California Institute of Technology (Caltech)

Every great structure, from the Empire State Building to the Golden Gate Bridge, depends on specific mechanical properties to remain strong and reliable. Rigidity–a material’s stiffness–is of particular importance for maintaining the robust functionality of everything from colossal edifices to the tiniest of nanoscale structures. In biological nanostructures, like DNA networks, it has been difficult to measure this stiffness, which is essential to their properties and functions. But scientists at the California Institute of Technology (Caltech) have recently developed techniques for visualizing the behavior of biological nanostructures in both space and time, allowing them to directly measure stiffness and map its variation throughout the network.

The new method is outlined in the February 4 early edition of the Proceedings of the National Academy of Sciences (PNAS).

“This type of visualization is taking us into domains of the biological sciences that we did not explore before,” says Nobel Laureate Ahmed Zewail, the Linus Pauling Professor of Chemistry and professor of physics at Caltech, who coauthored the paper with Ulrich Lorenz, a postdoctoral scholar in Zewail’s lab. “We are providing the methodology to find out–directly–the stiffness of a biological network that has nanoscale properties.”

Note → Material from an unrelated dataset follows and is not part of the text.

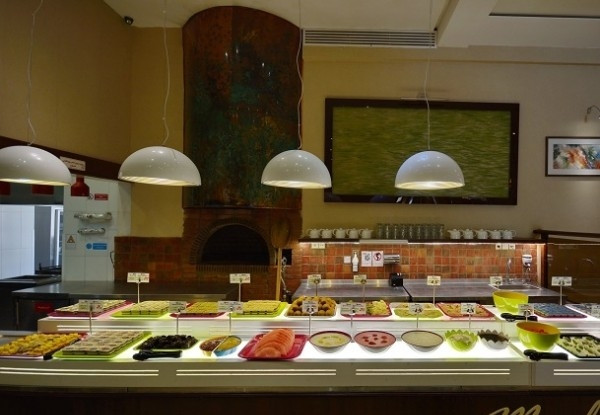 عکس هتل الیزه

Knowing the mechanical properties of DNA structures is crucial to building sturdy biological networks, among other applications. According to Zewail, this type of visualization of biomechanics in space and time should be applicable to the study of other biological nanomaterials, including the abnormal protein assemblies that underlie diseases like Alzheimer’s and Parkinson’s.

Zewail and Lorenz were able to see, for the first time, the motion of DNA nanostructures in both space and time using the four-dimensional (4D) electron microscope developed at Caltech’s Physical Biology Center for Ultrafast Science and Technology. The center is directed by Zewail, who created it in 2005 to advance understanding of the fundamental physics of chemical and biological behavior.

“In nature, the behavior of matter is determined by its structure–the arrangements of its atoms in the three dimensions of space–and by how the structure changes with time, the fourth dimension,” explains Zewail. “If you watch a horse gallop in slow motion, you can follow the time of the gallops, and you can see in detail what, for example, each leg is doing over time. When we get to the nanometer scale, that is a different story–we need to improve the spatial resolution to a billion times that of the horse in order to visualize what is happening.”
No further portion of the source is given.